• **What you are asked to do**: Make an exact copy of the entries below and leave any picture out of it.

[Opening Extracted information section]

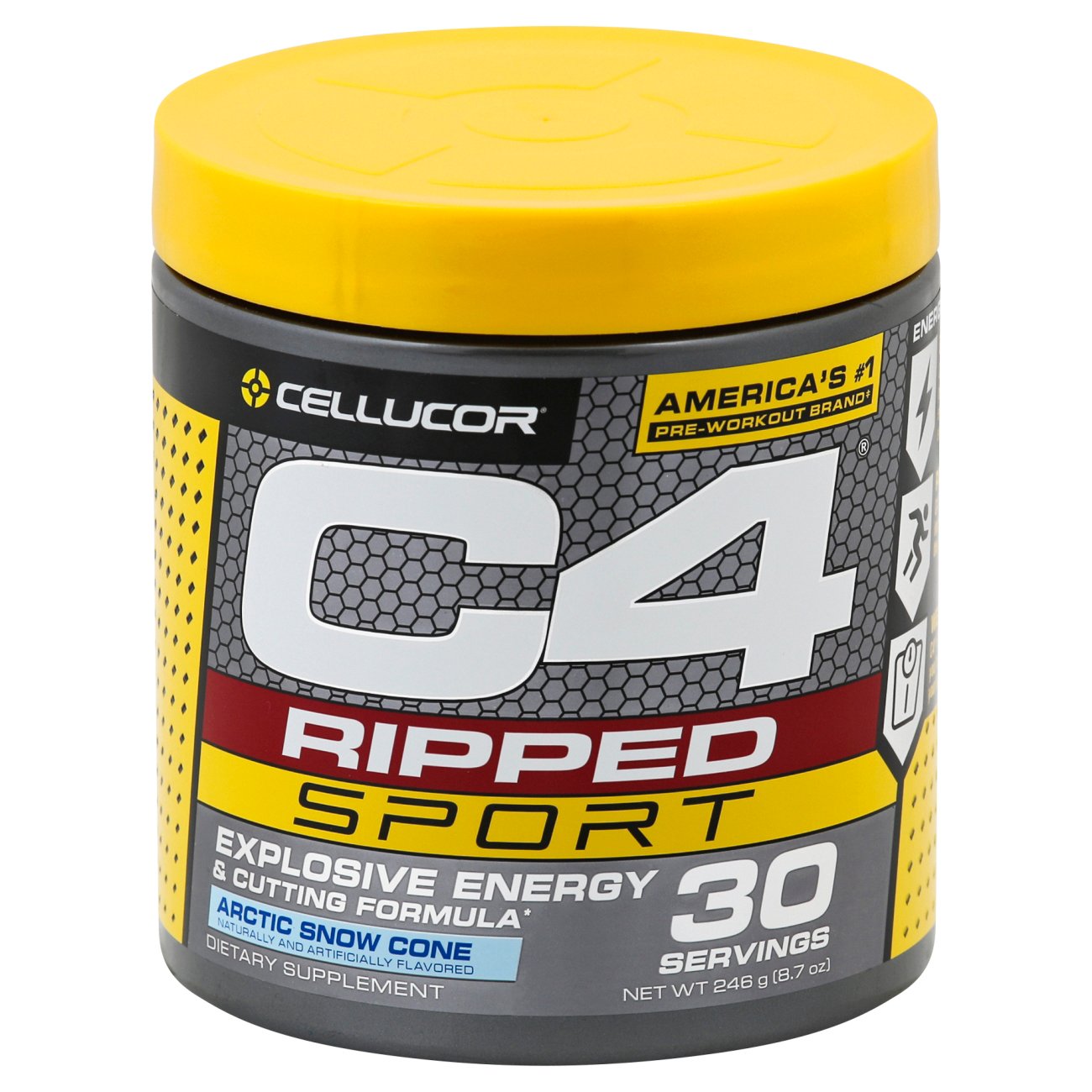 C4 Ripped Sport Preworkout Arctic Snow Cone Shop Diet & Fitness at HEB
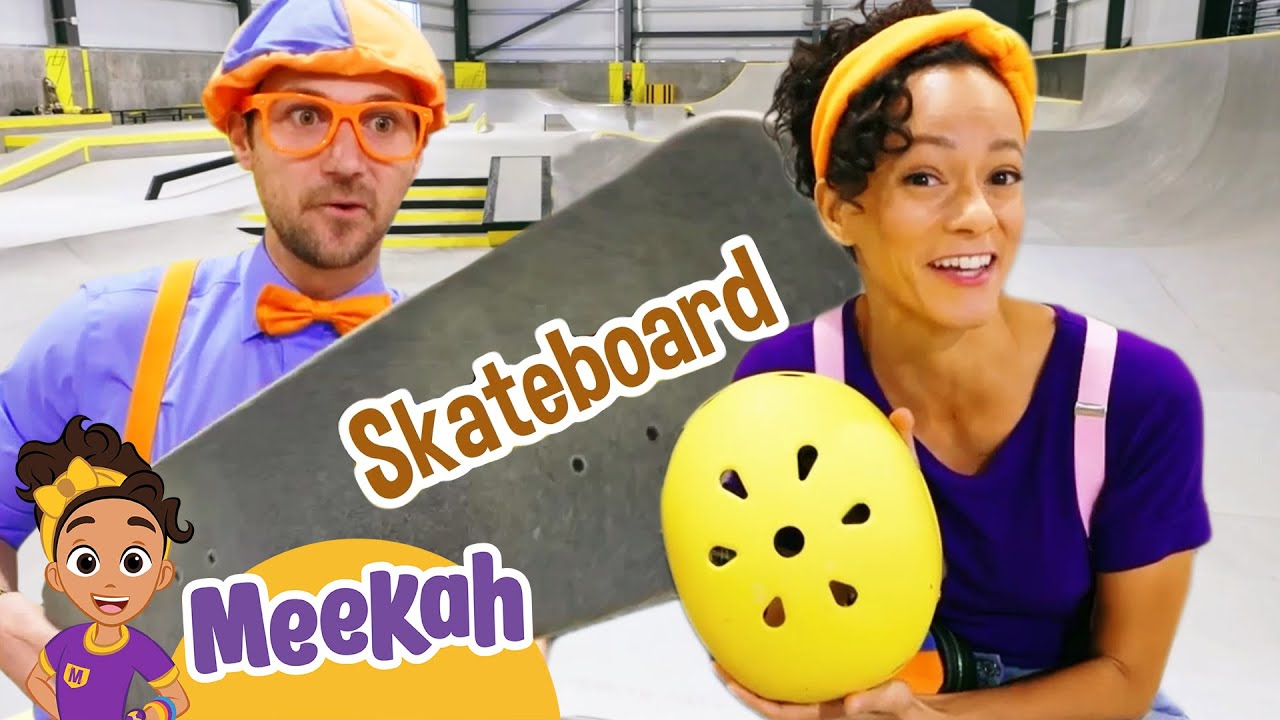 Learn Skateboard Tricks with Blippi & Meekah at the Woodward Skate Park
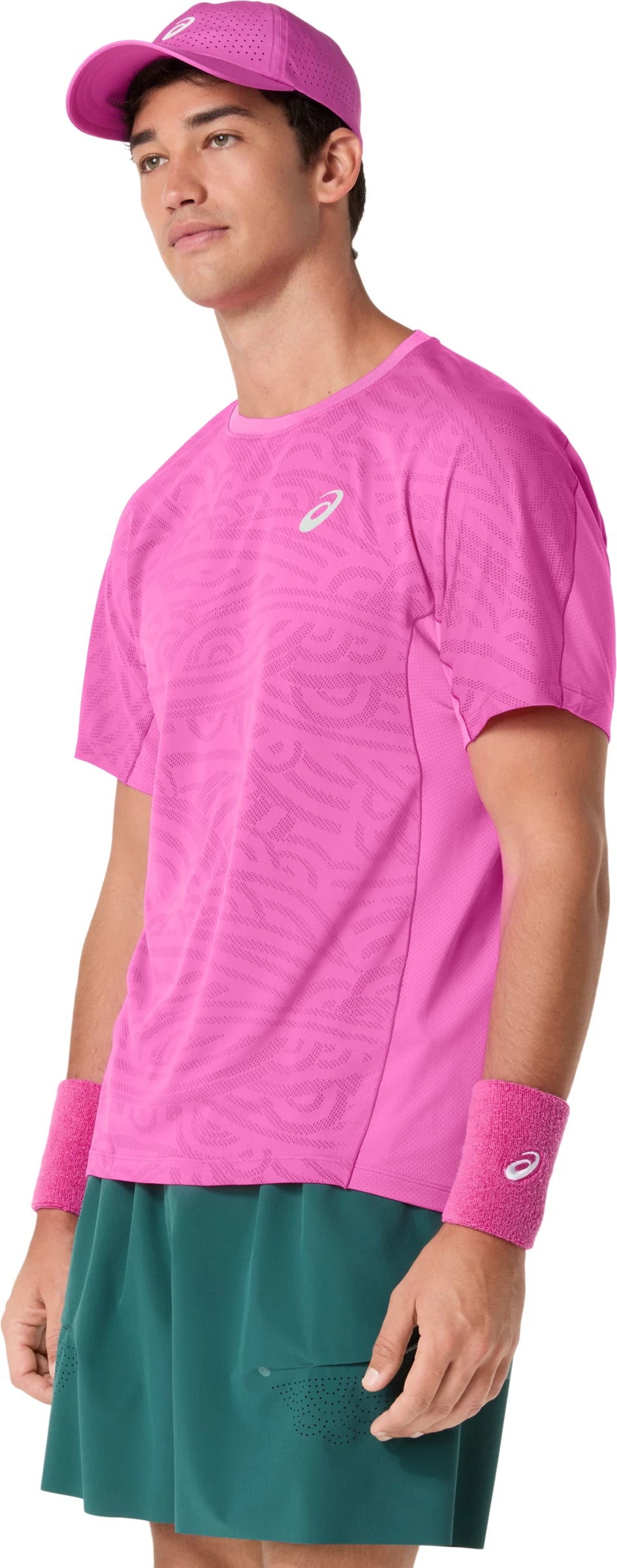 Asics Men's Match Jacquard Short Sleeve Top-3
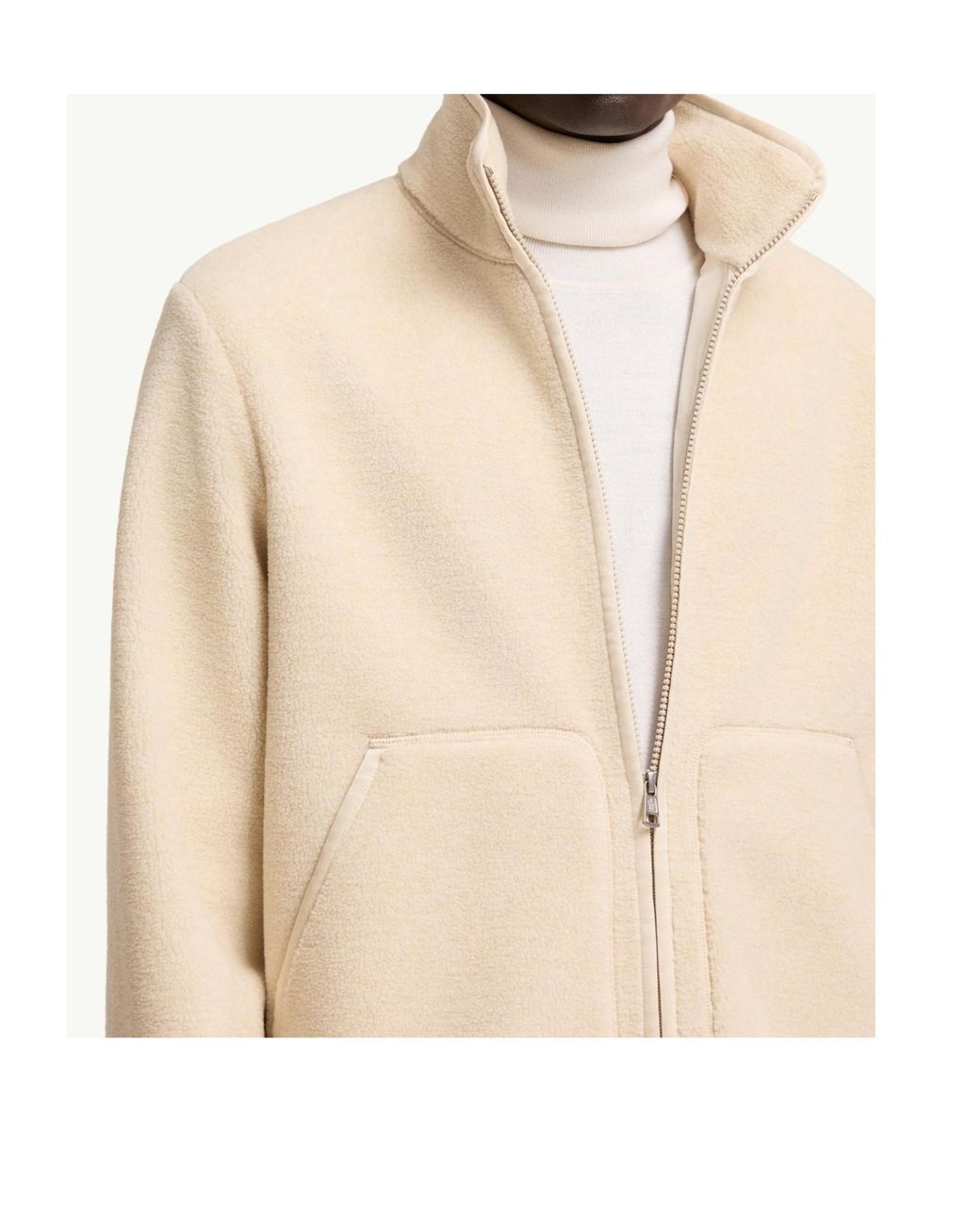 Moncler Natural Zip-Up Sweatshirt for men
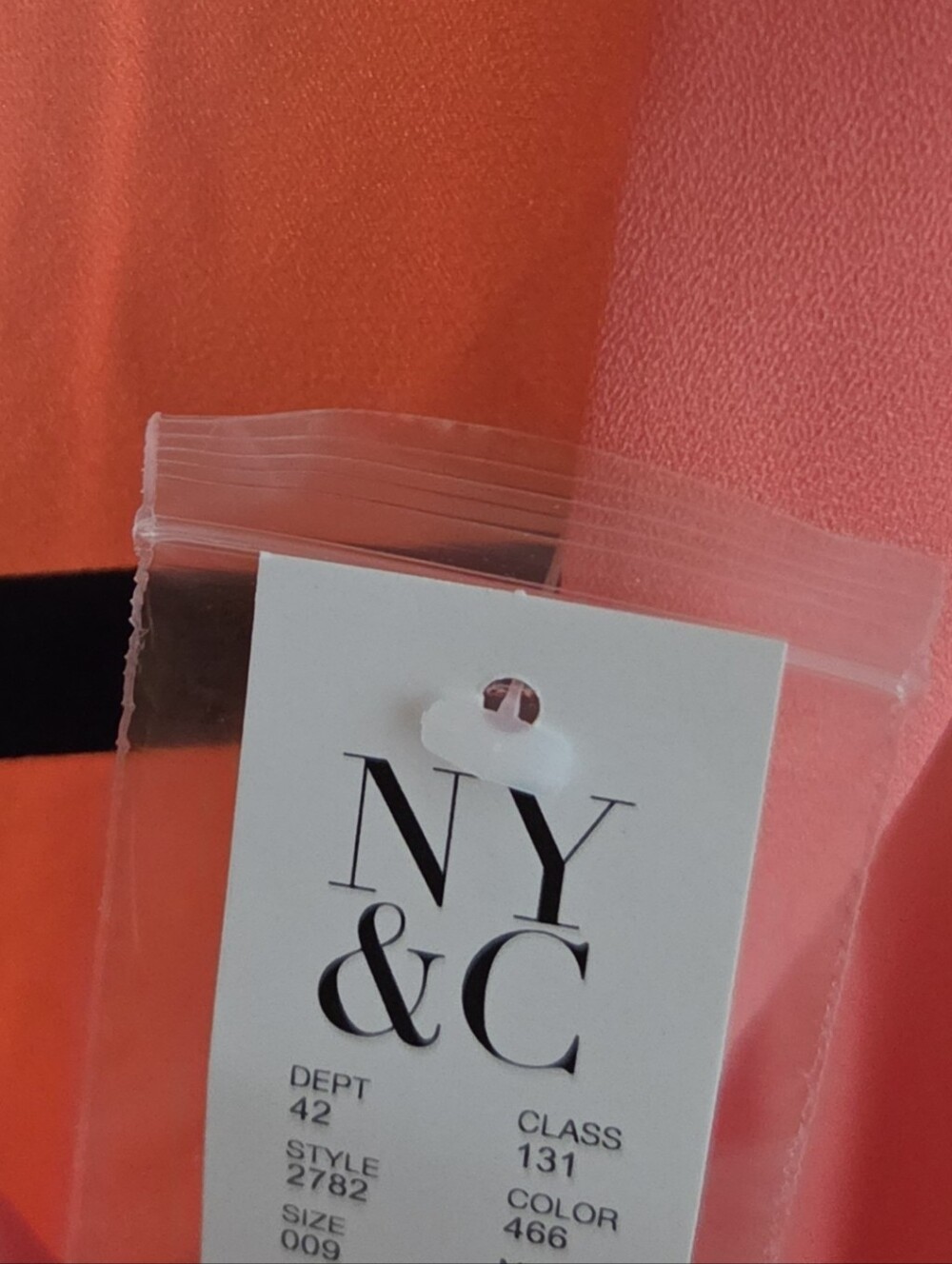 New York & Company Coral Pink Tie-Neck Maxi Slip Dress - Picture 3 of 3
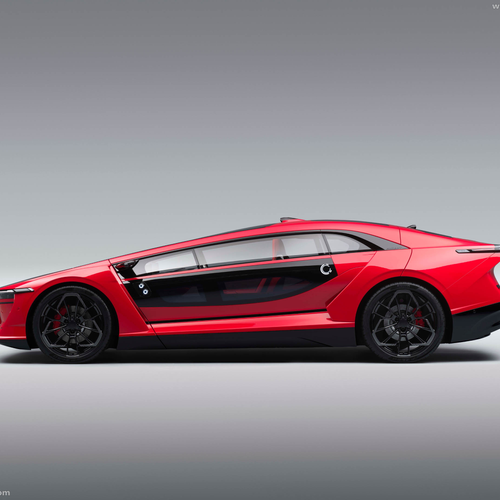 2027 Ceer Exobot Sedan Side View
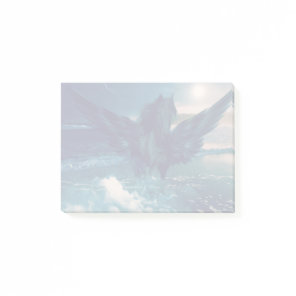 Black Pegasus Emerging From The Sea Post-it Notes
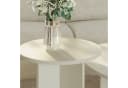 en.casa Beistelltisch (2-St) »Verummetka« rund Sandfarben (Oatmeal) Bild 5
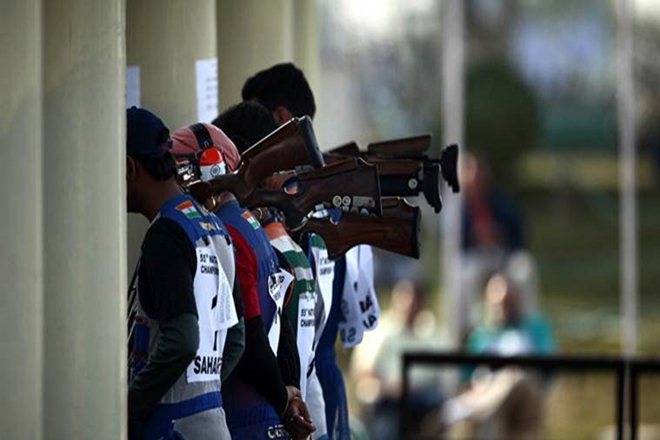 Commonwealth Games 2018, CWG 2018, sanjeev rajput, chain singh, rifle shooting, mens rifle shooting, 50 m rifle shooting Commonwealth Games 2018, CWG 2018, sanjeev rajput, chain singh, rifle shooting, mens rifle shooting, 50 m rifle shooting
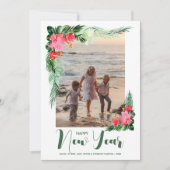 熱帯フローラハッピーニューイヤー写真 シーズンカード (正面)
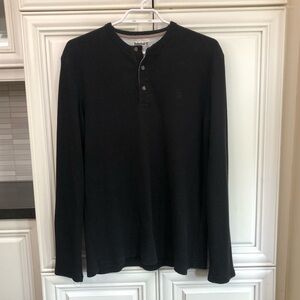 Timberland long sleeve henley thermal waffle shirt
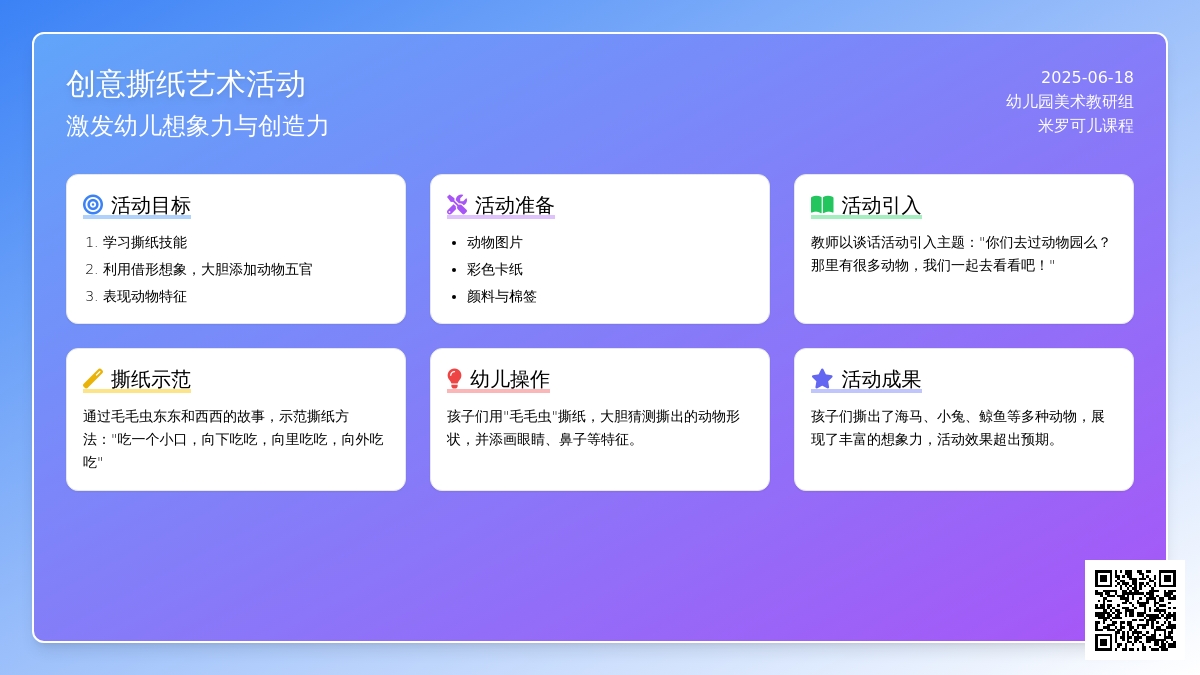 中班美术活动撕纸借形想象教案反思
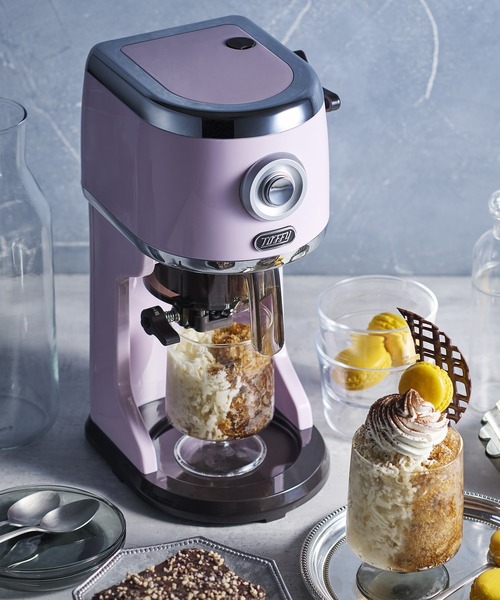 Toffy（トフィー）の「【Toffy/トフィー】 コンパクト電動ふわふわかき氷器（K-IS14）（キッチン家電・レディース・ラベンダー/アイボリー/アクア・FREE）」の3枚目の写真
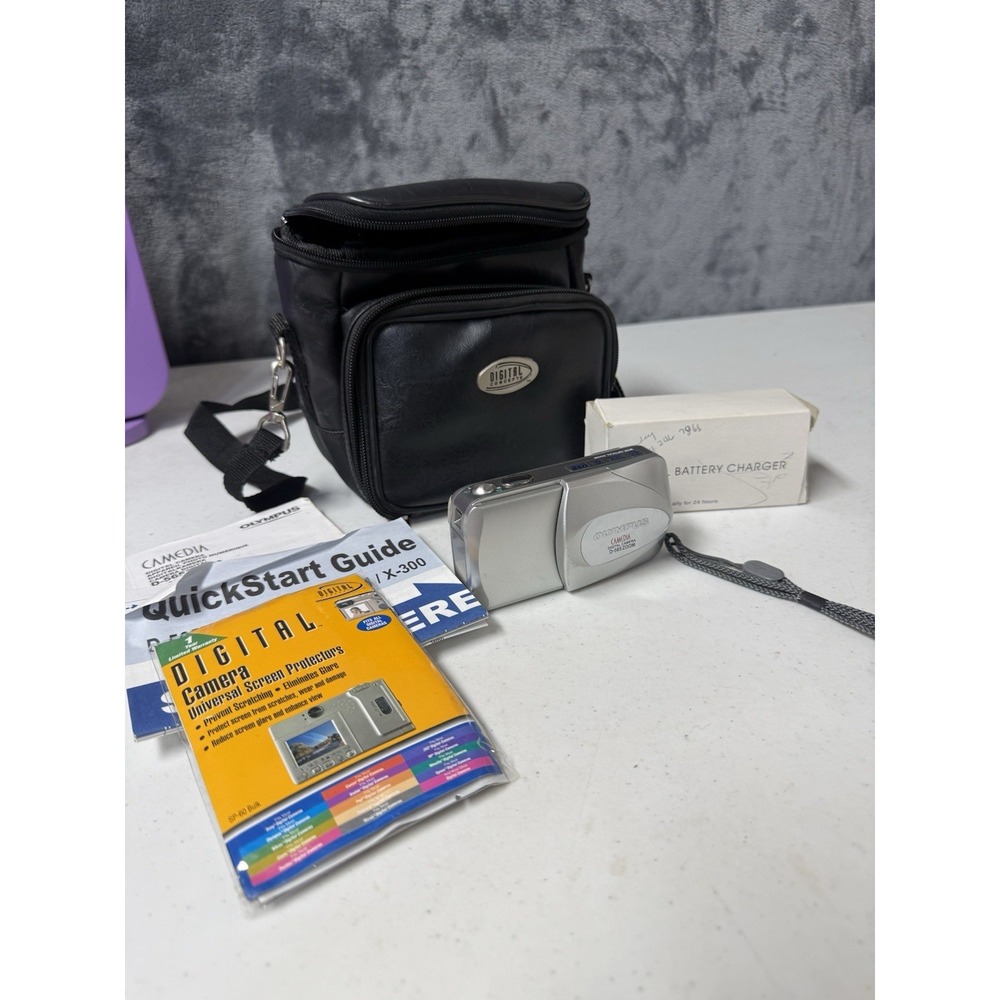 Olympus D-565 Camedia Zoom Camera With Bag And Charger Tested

[Closing Extracted information section]

• **Exercise answer**:
 C4 Ripped Sport Preworkout Arctic Snow Cone Shop Diet & Fitness at HEB
 Learn Skateboard Tricks with Blippi & Meekah at the Woodward Skate Park
 Asics Men's Match Jacquard Short Sleeve Top-3
 Moncler Natural Zip-Up Sweatshirt for men
 New York & Company Coral Pink Tie-Neck Maxi Slip Dress - Picture 3 of 3
 2027 Ceer Exobot Sedan Side View
 Black Pegasus Emerging From The Sea Post-it Notes
 en.casa Beistelltisch (2-St) »Verummetka« rund Sandfarben (Oatmeal) Bild 5
 Commonwealth Games 2018, CWG 2018, sanjeev rajput, chain singh, rifle shooting, mens rifle shooting, 50 m rifle shooting Commonwealth Games 2018, CWG 2018, sanjeev rajput, chain singh, rifle shooting, mens rifle shooting, 50 m rifle shooting
 熱帯フローラハッピーニューイヤー写真 シーズンカード (正面)
 Timberland long sleeve henley thermal waffle shirt
 中班美术活动撕纸借形想象教案反思
 Toffy（トフィー）の「【Toffy/トフィー】 コンパクト電動ふわふわかき氷器（K-IS14）（キッチン家電・レディース・ラベンダー/アイボリー/アクア・FREE）」の3枚目の写真
 Olympus D-565 Camedia Zoom Camera With Bag And Charger Tested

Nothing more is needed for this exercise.